People with disabilities, many of whom fall into the category of those who are especially vulnerable to the virus, also risk being disadvantaged by measures taken to combat Covid-19, said UN Special Rapporteur on the rights of persons with disabilities, Catalina Devandas.
"People with disabilities feel they have been left behind," she said. "Containment measures, such as social distancing and self-isolation, may be impossible for those who rely on the support of others to eat, dress and bathe."
group of 16 UN independent experts, or ‘Special Procedures,’ have also urged States not to crack down on human rights defenders or critics.
“Restrictions taken to respond to the virus must be motivated by legitimate public health goals and should not be used simply to quash dissent,” they stated in a joint press release.
The UN Special Rapporteur for the situation of human rights in the Palestinian Territory occupied since 1967, Michael Lynk, reminded all the
authorities in the Occupied Palestinian Territory (OPT) that they have a duty to provide essential healthcare to people living in the West Bank and Gaza, and urged that health measures for the pandemic are applied in a non-discriminatory fashion.
“Human health depends not only on readily accessible health care. It also depends on access to accurate information about the nature of the threats and the means to protect oneself, one’s family, and one’s community,”
read a statement from a group of freedom of information experts including UN Special Rapporteur on the promotion and protection of the right to freedom of opinion and expression David Kaye.To this end the group urged governments to permit the free flow of information including providing truthful information as well as not to limit access to the internet.

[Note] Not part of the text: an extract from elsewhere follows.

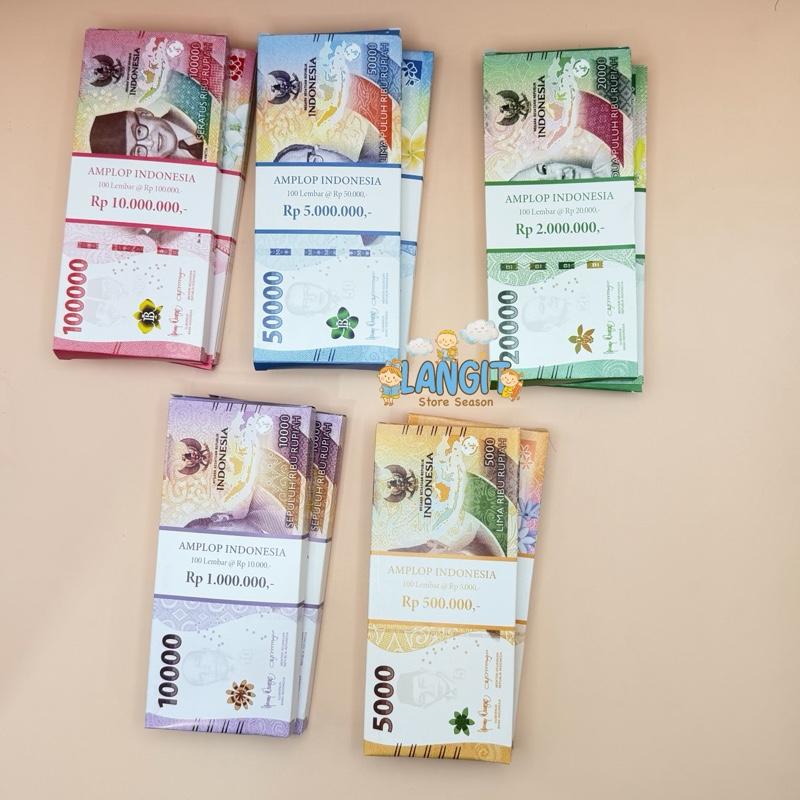 Amplop Lebaran Motif Uang Segepok Motif 3D ukuran Panjang isi 5 pcs untuk Idul Fitri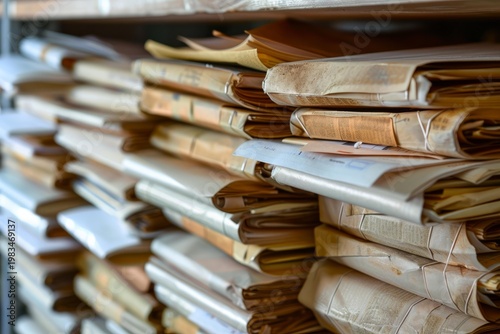 Many old dusty files stacked high on a shelf represent the concept of bureaucracy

Independent Expert on the effects of foreign debt and human rights, Juan Pablo Bohoslavsky also issued a statement noting that “fiscal stimulus and social protection packages aimed directly at those least able to cope with the crisis are essential to mitigating the devastating consequences of the pandemic.” He proposed that public services be “provided free of charge for those who cannot afford them, and debt-servicing should be suspended for individuals unable to cope with the public health crisis.” He pointed out that the self-employed, and others who cannot work from home need economic and fiscal incentives to stay at home – otherwise they will go to work and put their own, their families’ and the broader community’s health at risk.
a joint editorial, Bachelet and the UN High Commissioner for Refugees Filippo Grandi wrote that Covid-19 tests not just health-care systems and rapid response, but humanity itself. “Beyond these very immediate challenges, the path of the coronavirus will also undoubtedly test our principles, values and shared humanity.”

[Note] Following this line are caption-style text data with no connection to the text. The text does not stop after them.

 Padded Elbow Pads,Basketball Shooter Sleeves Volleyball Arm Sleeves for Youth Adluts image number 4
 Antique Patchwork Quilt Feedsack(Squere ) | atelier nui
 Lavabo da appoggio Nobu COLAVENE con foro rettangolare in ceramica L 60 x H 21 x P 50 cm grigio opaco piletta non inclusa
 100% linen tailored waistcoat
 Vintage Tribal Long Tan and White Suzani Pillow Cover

“The health of every person is linked to the health of the most marginalised members of the community. Preventing the spread of this virus requires outreach to all, and ensuring equitable access to treatment,” they wrote. This access needs to be available whether they are in an elderly living facility, a prison, or a migrant or refugee camp.

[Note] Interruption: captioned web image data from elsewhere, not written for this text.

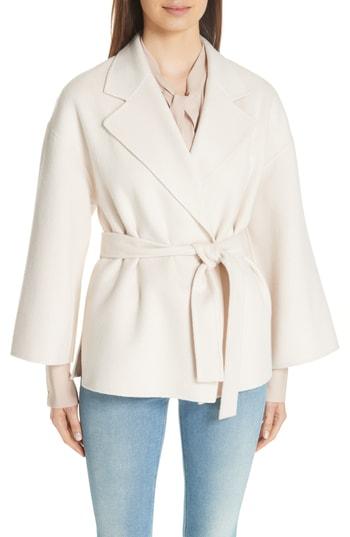 Women's Theory Wool & Cashmere Belted Jacket, Size - Ivory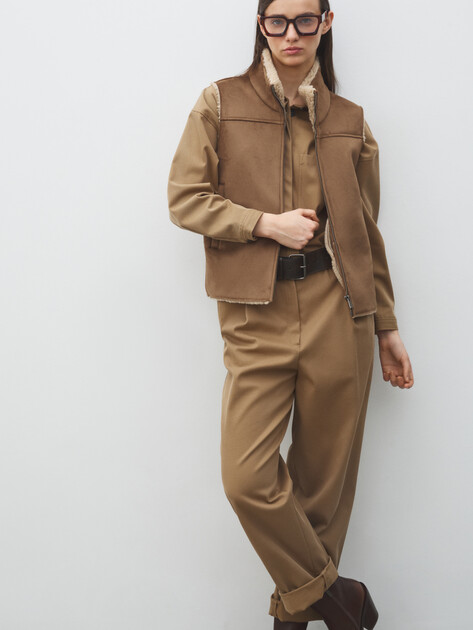 Женский жилет MAISON DAVID, Артикул LUNETTE_SDF_WS, серовато-коричневый | 5037421. Ракурс 5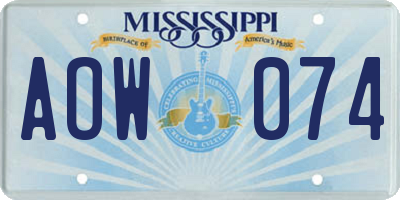 MS license plate AOW074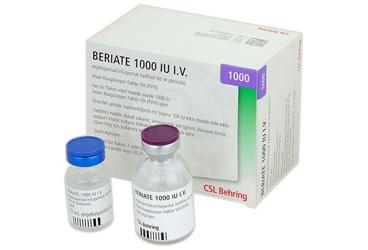 BERIATE 1000 IU IV enjeksiyon için liyofilize toz içeren 1 flakon { CSL Behring } kutu görseli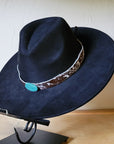 Spotted Hide w/ Turquoise Slab Leather Band + Choice of Boho Hat 985u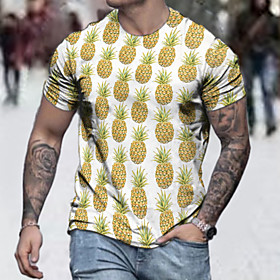 Men's Tee T shirt Shirt 3D Print Graphic Graphic Prints Pineapple Plus Size Short Sleeve Casual Tops Basic Designer Slim Fit Big and Tall Yellow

The virus should not be used as a chance to fan the fires of discrimination or hate speech, the two High Commissioners wrote. Panic and discrimination never solved a crisis, and they urged political leaders to earn trust through transparent and timely information and working together for the common good and empowering people to participate in protecting health.
“If our response to coronavirus is grounded in the principles of public trust, transparency, respect and empathy for the most vulnerable, we will not only uphold the intrinsic rights of every human being. We will be using and building the most effective tools to ensure we can ride out this crisis and learn lessons for the future.”